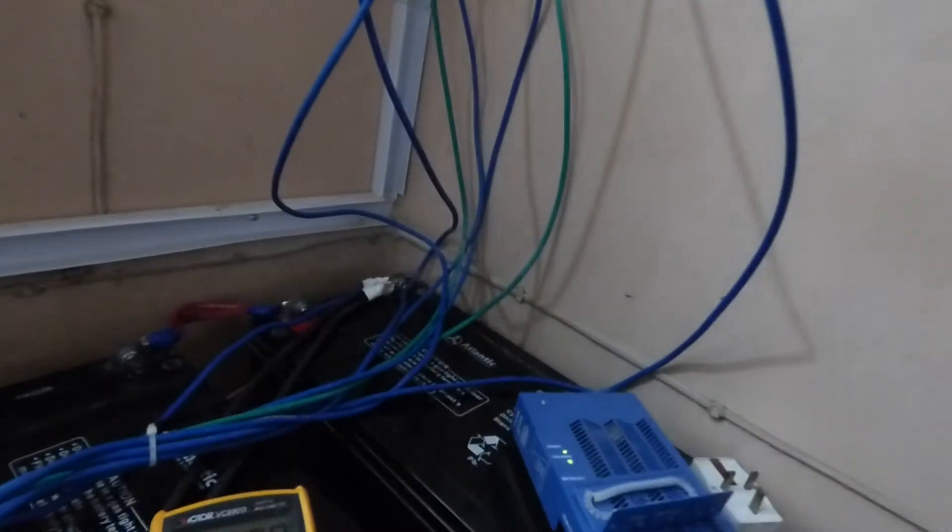By the way, this is not the way the final installation is going to look. We're going to mount it on this wall. What will happen is we will tidy up the connections and clean up the wiring so people don't see it.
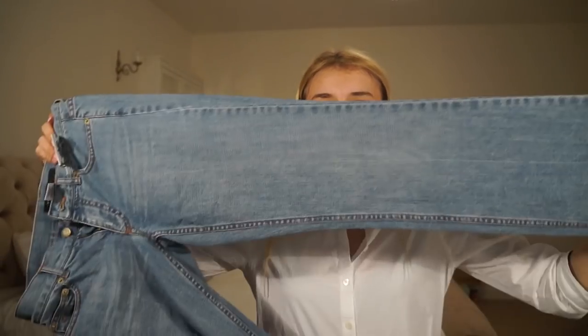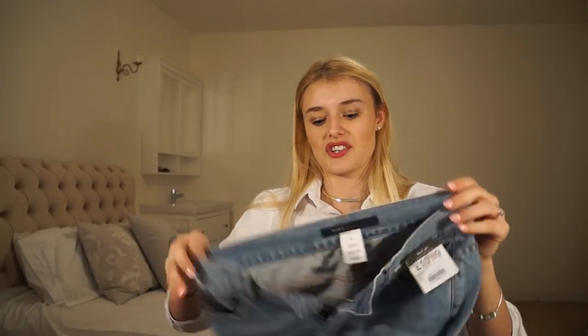I wouldn't be surprised if it was the same person that donated all of these, because they're the same size and the same style — quite the same chance it could be anyone different.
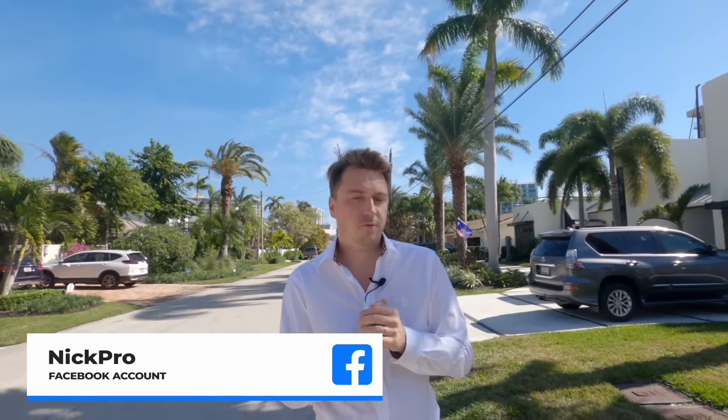Coral Ridge is a very interesting place in terms of infrastructure and entertainment. You're 10 minutes walking distance to the beach, 10 minutes walking distance to the golf club and golf courses. You have movie theaters, theaters, a lot of restaurants, a lot of shopping malls. You have an international airport 10 minutes away, and a private airport also about 10 minutes away.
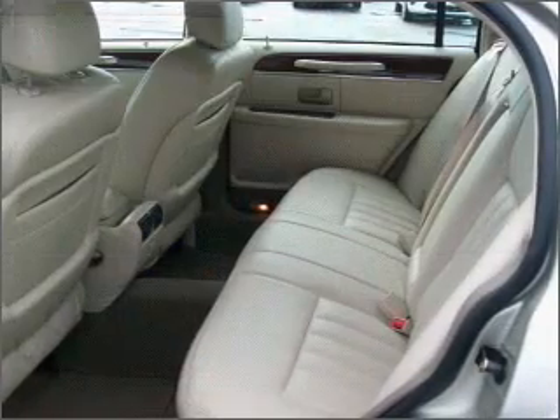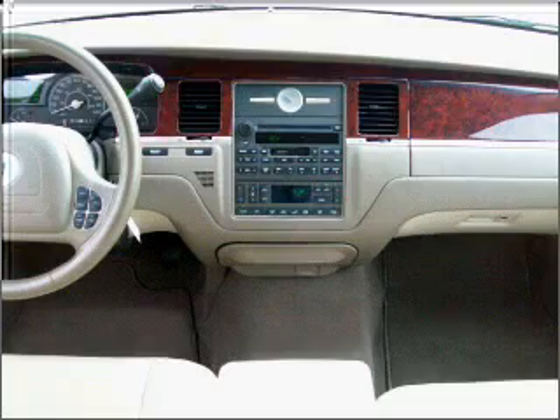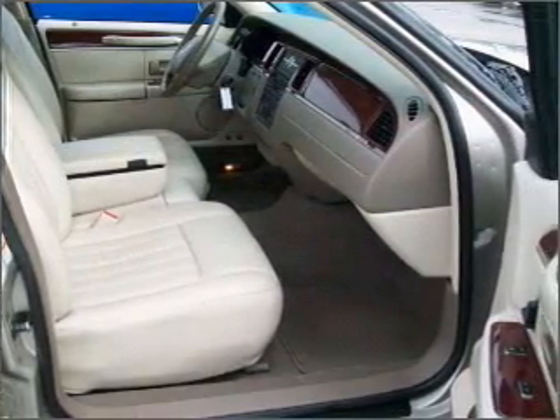Air conditioning, power door locks, power windows, power steering, cruise control, power mirrors, an alarm system, an AM-FM stereo with a CD player, and an adjustable tilt steering wheel.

→ What this task involves: Transcribe exactly the line that contains "I wouldn't be" and each line after it through the end of the listing. Leave out the pictures.

→ Exercise result:
I wouldn't be surprised if it was the same person that donated all of these, because they're the same size and the same style — quite the same chance it could be anyone different.
Coral Ridge is a very interesting place in terms of infrastructure and entertainment. You're 10 minutes walking distance to the beach, 10 minutes walking distance to the golf club and golf courses. You have movie theaters, theaters, a lot of restaurants, a lot of shopping malls. You have an international airport 10 minutes away, and a private airport also about 10 minutes away.
Air conditioning, power door locks, power windows, power steering, cruise control, power mirrors, an alarm system, an AM-FM stereo with a CD player, and an adjustable tilt steering wheel.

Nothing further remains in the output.